Vinte anos após dar os primeiros passos para a estabilização da economia, o ex-ministro da Fazenda do governo Itamar Franco e ex-presidente da República Fernando Henrique Cardoso avalia que o Brasil passa por momento político semelhante ao do lançamento do Plano Real, com anseio por mudanças. FH observa que o plano não foi apenas um conjunto de técnicas para controlar preços, mas um processo educativo que permitiu ao brasileiro entender como a inflação o prejudicava. Em entrevista por e-mail, ele alerta que, embora o país esteja longe do descontrole de preços, a memória inflacionária ainda é um risco.
Ainda existe risco de descontrole de preços?
Sempre existe a possibilidade de descontrole de preços. Como o governo menospreza a busca pela redução da inflação, mesmo que gradual, limitando-se a sugerir que basta não ultrapassar o teto da meta inflacionária, e como há muitos preços represados por decisão governamental, o risco aumenta. Não creio que seja iminente nem que estejamos diante do que aconteceu no passado, mas é preciso mudar a atitude leniente e estar sempre de olho no que já está indexado.
Por que a inflação se mantém acima dos 6%?
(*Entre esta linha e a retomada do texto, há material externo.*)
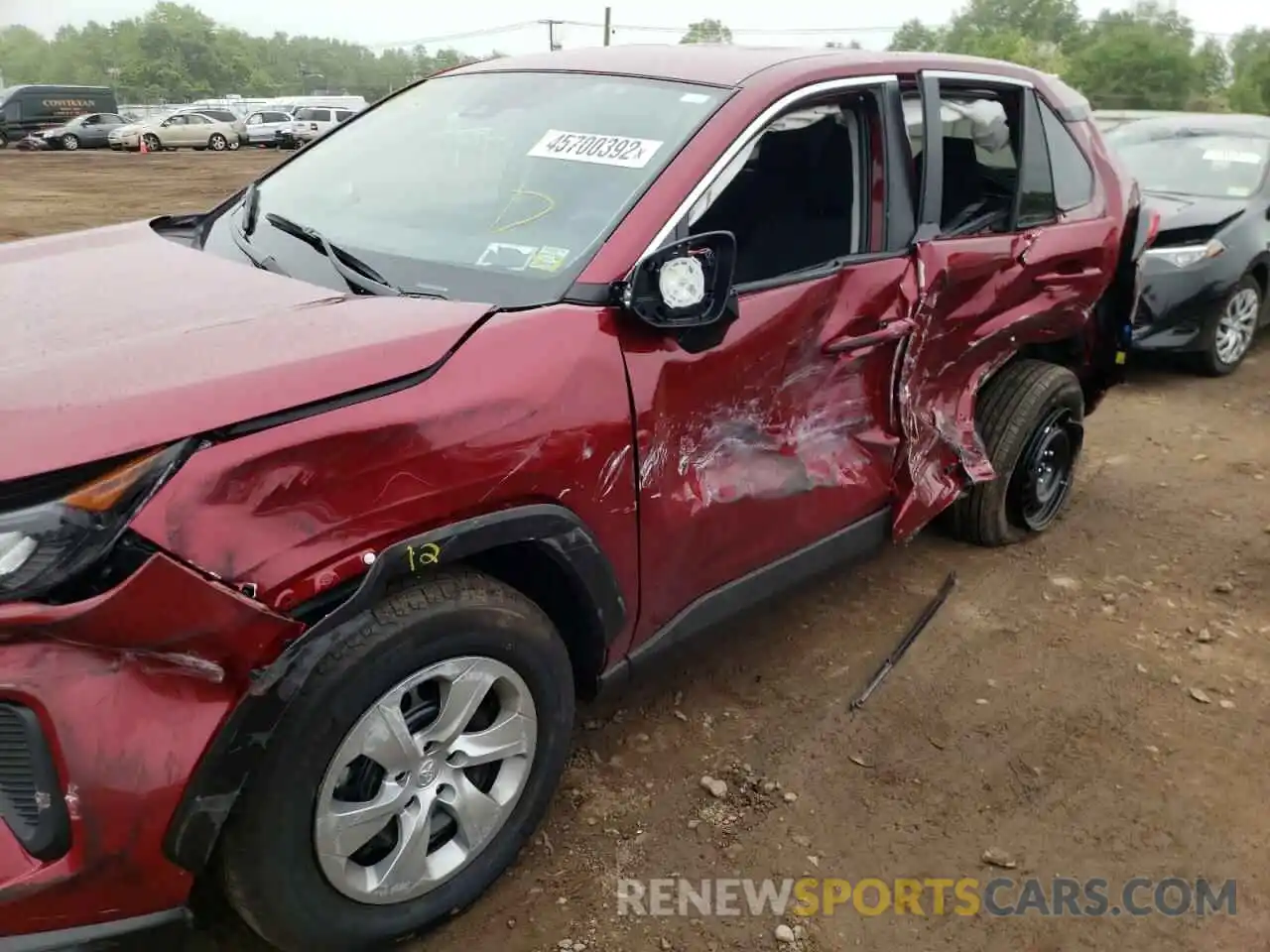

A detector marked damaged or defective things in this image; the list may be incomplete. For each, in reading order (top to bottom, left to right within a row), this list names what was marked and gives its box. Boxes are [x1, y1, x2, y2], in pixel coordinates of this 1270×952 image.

wheel arch damage [164, 502, 624, 878]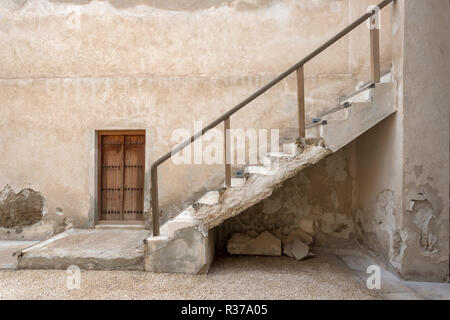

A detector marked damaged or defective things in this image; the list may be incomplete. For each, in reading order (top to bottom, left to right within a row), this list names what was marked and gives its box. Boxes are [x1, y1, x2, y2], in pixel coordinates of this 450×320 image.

peeling plaster patch [410, 200, 438, 255]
Como se viu na época do Real, há um componente de inércia que conta. Já que os preços subiram e vão continuar subindo, na dúvida, façamos um pequeno aumento. São resquícios da memória inflacionária. Além disso, a política monetária sozinha não dá conta de controlar a inflação. É preciso combiná-la com a política fiscal. E o que estamos vendo, às vésperas das eleições, é afrouxamento fiscal.
O Brasil teve a menor taxa de juros de sua História. Por que não se sustentou?
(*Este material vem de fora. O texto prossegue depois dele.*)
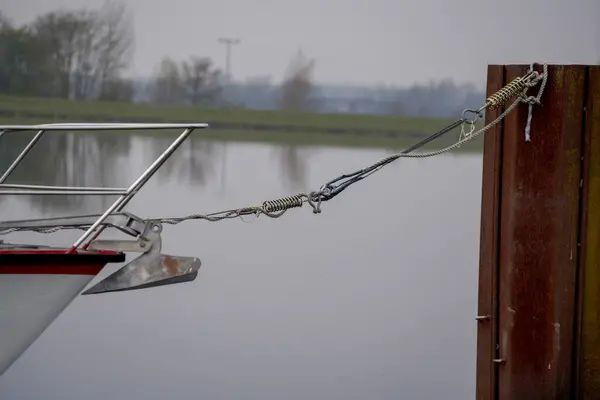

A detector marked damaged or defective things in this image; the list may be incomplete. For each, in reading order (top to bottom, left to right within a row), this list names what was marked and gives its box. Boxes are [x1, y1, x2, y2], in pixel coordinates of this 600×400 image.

rust stain on metal [478, 64, 506, 398]
rusty metal post [478, 64, 592, 398]
rusted steel piling [476, 64, 596, 398]
rust stain on metal [494, 64, 588, 398]
rust stain on metal [580, 65, 600, 396]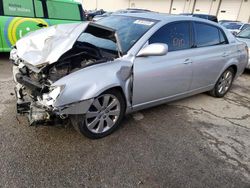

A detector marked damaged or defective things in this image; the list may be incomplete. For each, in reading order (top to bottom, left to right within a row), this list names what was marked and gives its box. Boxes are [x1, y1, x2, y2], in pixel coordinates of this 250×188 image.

crushed hood [16, 22, 88, 67]
front bumper damage [12, 64, 93, 125]
damaged front end [11, 22, 122, 125]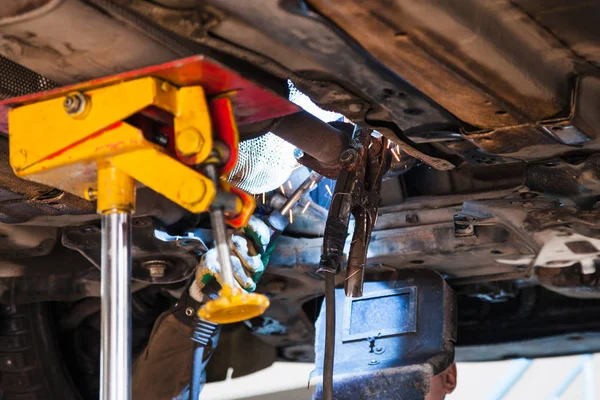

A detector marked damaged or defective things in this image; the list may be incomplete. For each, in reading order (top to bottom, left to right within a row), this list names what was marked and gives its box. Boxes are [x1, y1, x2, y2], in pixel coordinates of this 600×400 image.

rusted metal component [318, 126, 390, 298]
Desde o governo Lula, o mantra é: mais crédito (público) e mais consumo. Houve pouca atenção ao aumento de produtividade e à atração de investimentos produtivos. Houve mais gastos correntes do governo.
Como é possível retomar a confiança dos empresários?
A visão econômica do governo, registrada pelos empresários como inamistosa, cria um clima de pessimismo. Se a isso agregamos os erros na política econômica e a demora, desde o governo Lula, em enfrentar os gargalos da infraestrutura pelo temor do investimento privado, temos a situação atual de baixo crescimento. Não se pode esquecer também da percepção de que o processo educativo é falho e, com isso, a recuperação dos índices de produtividade se torna mais difícil.
Após duas décadas, quais conquistas se mantêm?
Sem dúvida o Plano Real, que inicialmente era chamado de Plano FHC, marcou uma mudança na vida brasileira que permaneceu: não aceitar a inflação como inevitável e ver que, com ela, não pode haver melhoria real de salário nem, portanto, de bem-estar. O Plano Real não foi apenas um conjunto de técnicas de controle da inflação. Foi um processo educativo que permitiu ao povo entender como a inflação o prejudicava. Deu condições a governos e empresários de maior previsibilidade para gastos e investimentos. O ajuste econômico foi feito sem perdas, mas com ganhos, para assalariados. Estes objetivos permanecem na mente de todos.
Redistribuição de renda e diminuição da pobreza, com Lula e Dilma, foram complementos ao Real?
A preocupação com salários e bem-estar veio antes dos governos Lula e Dilma. Desde o governo Itamar e do meu, o movimento na direção de melhor distribuição de renda, redução da pobreza e melhores condições de vida estiveram presentes. As conjunturas eram mais adversas, sobretudo as internacionais. Entretanto, o sentido de melhoria veio com o Plano Real. Perder estes ganhos com a aceitação implícita da inflação é erro óbvio de condução da política econômica, que leva à perda da confiança dos empresários e à “estagflação” (crescimento baixo e inflação alta), na qual já estamos. Com o tempo, levará a perdas sociais.